And where exactly would the flock of Israel be without Jesus? Where exactly would we be? Since we’re some of those “other sheep” Jesus is talking about in John 10? And what’s going to become of the other “other sheep” of this world? The sheep besides us that Jesus knows, and loves, and for whom he has also laid down his life?
When we lived in Oklahoma City, our next door neighbor — Mike Mahon — was a pilot for American Airlines and also an Air Force reservist.
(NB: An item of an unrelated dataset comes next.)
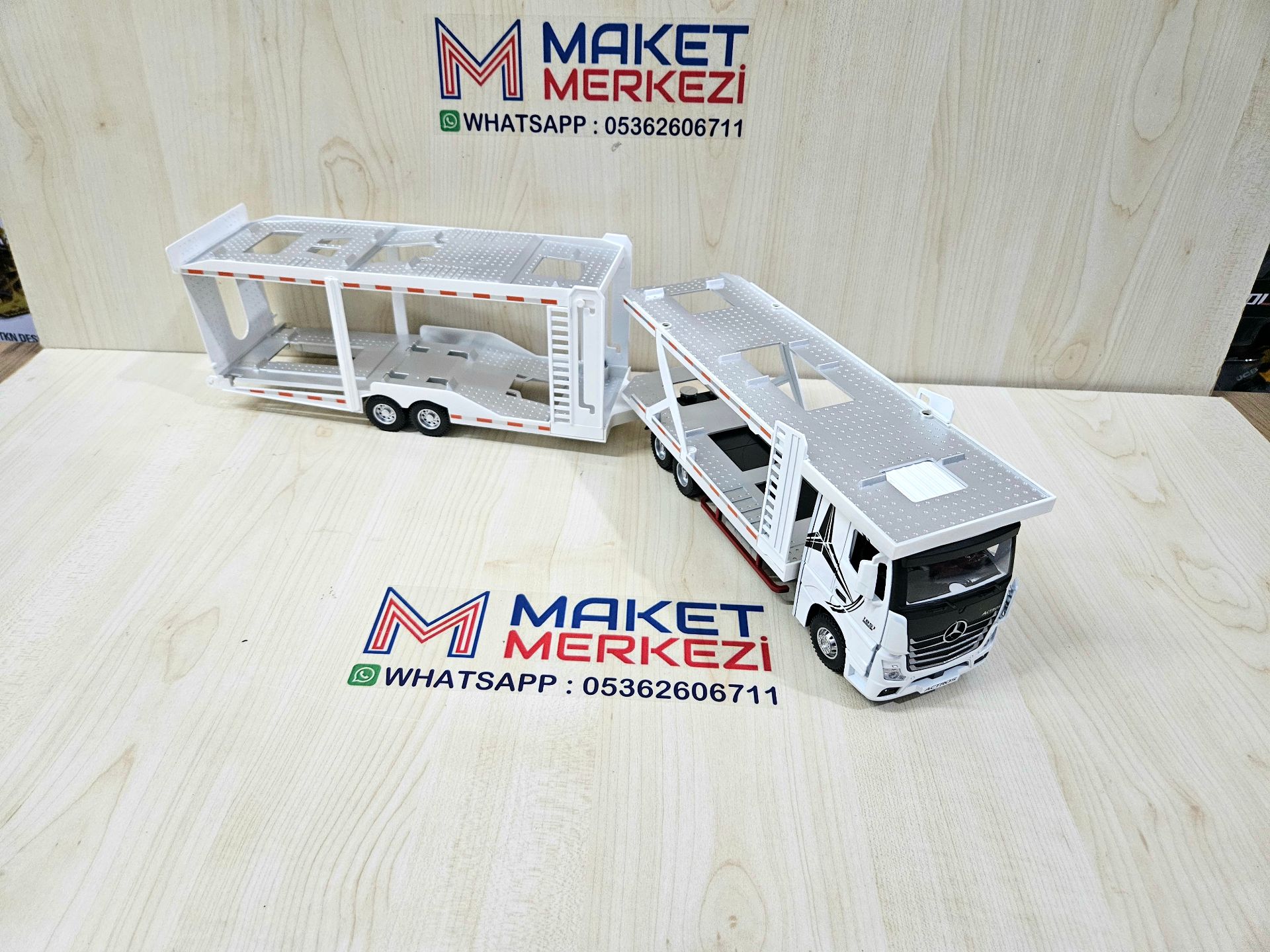 1/36 BEYAZ MERCEDES ACTROS 1851 OTOMOBİL TRANSPORTER MAKETİ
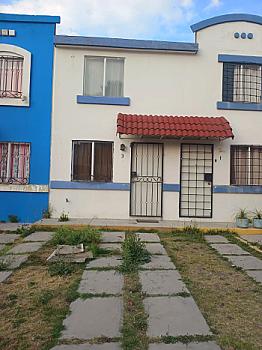 🏡 **¡Casa en Venta en Cerrada – Urbi Villa del Rey, Huehuetoca!** 🔑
In his Air Force job, he flies aerial tankers — the kind that refuel fighter jets and long-range bombers in mid-air — and he got deployed a couple of times in the wake of 9/11. Eventually, Mike got promoted to commander of his tanker squadron at Tinker Air Force Base, and he invited everyone on our street to the Change of Command ceremony. As near as I could tell, here’s what constituted the exact moment of the change of command: the transfer of the squadron’s flag — which is a symbol of the commander’s authority and responsibility for the unit.
The whole thing was very choreographed.
First, a soldier presented the staff bearing the squadron flag to the outgoing commander.
The outgoing commander grasped it, relinquished it, and stepped back.
Just then, the incoming commander — our friend Mike — stepped forward to the spot just vacated by the outgoing commander.
The soldier presented Mike with the staff bearing the squadron flag — and Mike grasped it and held onto it.
In the military, Change of Command ceremonies are filled with all kinds of symbolism — including symbolism about the continuity of leadership and the passing on of authority. Near the festival of Hanukkah, Jesus criticizes the leadership of the Pharisees — and proclaims that his own leadership is in continuity with the leadership of God himself. “I AM,” he declares, “the good shepherd: I lay down my life for my sheep. I know my own and my own know me. But you need to know that I have other sheep in addition to those in this pen — and I need to gather and bring them, also. For they, too, will recognize my voice when they hear it.”
1 Gary M. Burge, The NIV Application Commentary: John. Grand Rapids: Zondervan, 2000, 288.
2 Marianne Meye Thompson, John: A Commentary. Louisville: Westminster John Knox Press, 2015, 224.